The government must act to bring an abrupt end to the killings

Dear Editor,

The fall of the PPP government brought a sigh of relief from the masses. The Guyanese people not only hoped for a change. They woke from an induced coma; a long, harrowing and nightmarish reality where they were buried in the sands of hopelessness. The decades of crippling fear brought from them a burdened silence. Those who challenged the status quo were merely a countable few, courageous, committed, fearless and long suffering. Men and women who refused to be silenced. They journeyed laboriously to the point of May 2015, where the bright light of change illuminating the nation’s skyline drove out the darkness of an era and shone on a new one. And not so long ago I had watched, with tear-filled eyes and an overpowering sense of elation, as men, women and children in their thousands were standing on a solid foundation of a long sought after victory. And their faces converged into one gigantic mask smiling brightly up at the heavens. Their bodies gyrating to the rhythms of freedom and change in a single motion, releasing the pains and all the anguish.

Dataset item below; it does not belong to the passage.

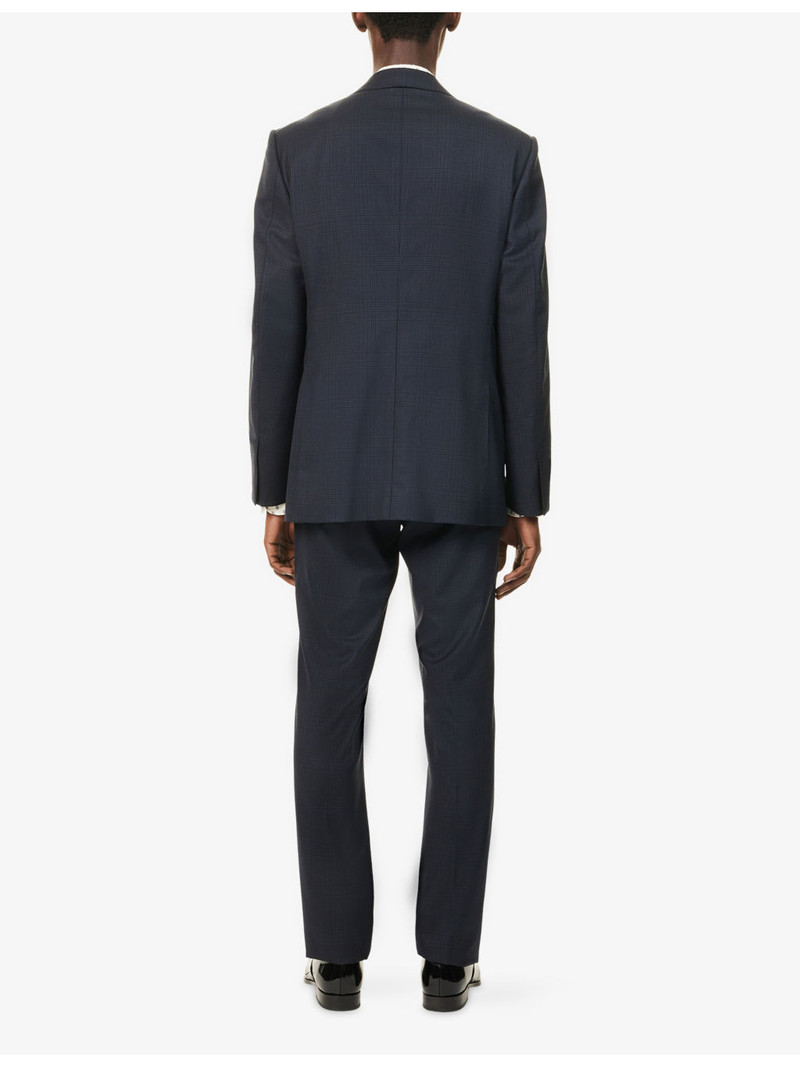 Shelton Single-Breasted Wool Suit 4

What has happened now that has caused them to be afraid to open their doors and windows? Overnight, they are besieged by murders and robberies. And in that short leap to victory, freedom and change, the nation sank into a low where the creeping tentacles of fear have clawed their way back into the psyche of the Guyanese people. While we may justifiably wish to cast blame elsewhere, we must hold accountable those now in the seat of power. The responsibility is now theirs to act. And act they must to bring an abrupt end to this madness of the senseless killings of the very citizens who cried in jubilation for the freedom they are yet to have and the right to life that is daily being snatched away from them. I am challenging Minister Khemraj Ramjattan to make a clear statement about his immediate plans and strategies to deal with the crime spree in Guyana. There can be no politicking or excuses or even silence at this crucial juncture. No other business of the government must take precedence over the safety of its people and security of the nation. I would rather fast for a few days than dine in a restaurant where a bullet may be the first thing that I may be forced to digest.